Carey et al. (1982) completed the first and only multiple day active track of a white shark, following an individual for 83 h over a distance of 190 km. Despite absence of GPS technology, this study calculated an overall ROM of 3.2 km·h−1 based on obvious landmarks. Strong et al. (1992) tracked seven white sharks at offshore islands in the Lower Spencer Gulf, Australia, which included two continuous tracks of over 24 h. They described three behavioural patterns, including downstream circling in the remnants of a chum slick, island patrolling, and inter island cruising.
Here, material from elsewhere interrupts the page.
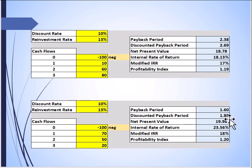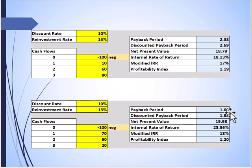If these two projects are mutually exclusive, we know we'd choose S. But if they're independent, we need a benchmark. For example, if we require a payback period of two years, Project L would not qualify but S would. Similarly, with a discounted payback cutoff of 2.5 years, L would still be unacceptable while S would be acceptable. We have to establish clear rules for the payback period.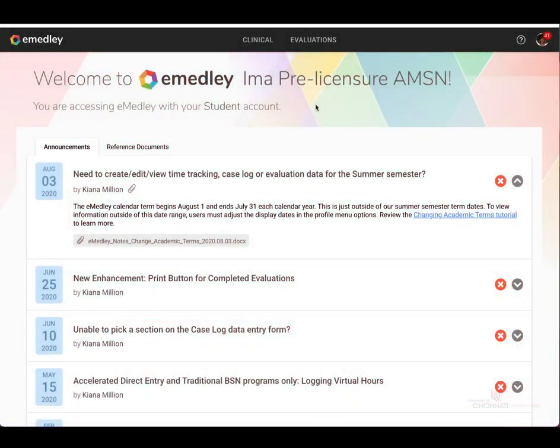Hello, and welcome to the tutorial on Clinical Activity Reports for Timelogs. As a reminder, please make sure you are using Google Chrome as your browser when using eMedly.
They also calculated an average ROM of 3.2 km·h−1 (n = 145, 15 min interval), similar to that observed by Carey et al. (1982). Subsequent tracking by Goldman and Anderson (1999) were limited to discrete periods of time during daylight hours at the Farallon Islands, California, where they determined a lower average ROM of 2.3 km·h−1 (std. dev. = 0.6, n = 20, 1 min interval), possibly related to the non-linear nature of the tracks, which were characterized by a combination of along shore sweeps and on-offshore movements. Klimley et al. (2001a) deployed a radio-acoustic positioning setup to passively examine presence and swimming patterns of white sharks adjacent to a pinniped colony (Año Nuevo Island, California). A number (three out of six) of the studied sharks preferred a ‘back and forth’ swimming pattern parallel to the island’s shoreline. Klimley et al. (2001b) documented bursts of speed of 6 m·s−1 and 7 m·s−1, the fasted recorded speeds for a white shark. Bonfil et al. (2005) presented the first swimming speed data of a long distance migration, based on smoothed geolocation positional fixes, by a 360 cm female white shark. While traversing from South Africa to the Australia’s western seaboard, she maintained a mean swimming speed of 4.7 km·h−1.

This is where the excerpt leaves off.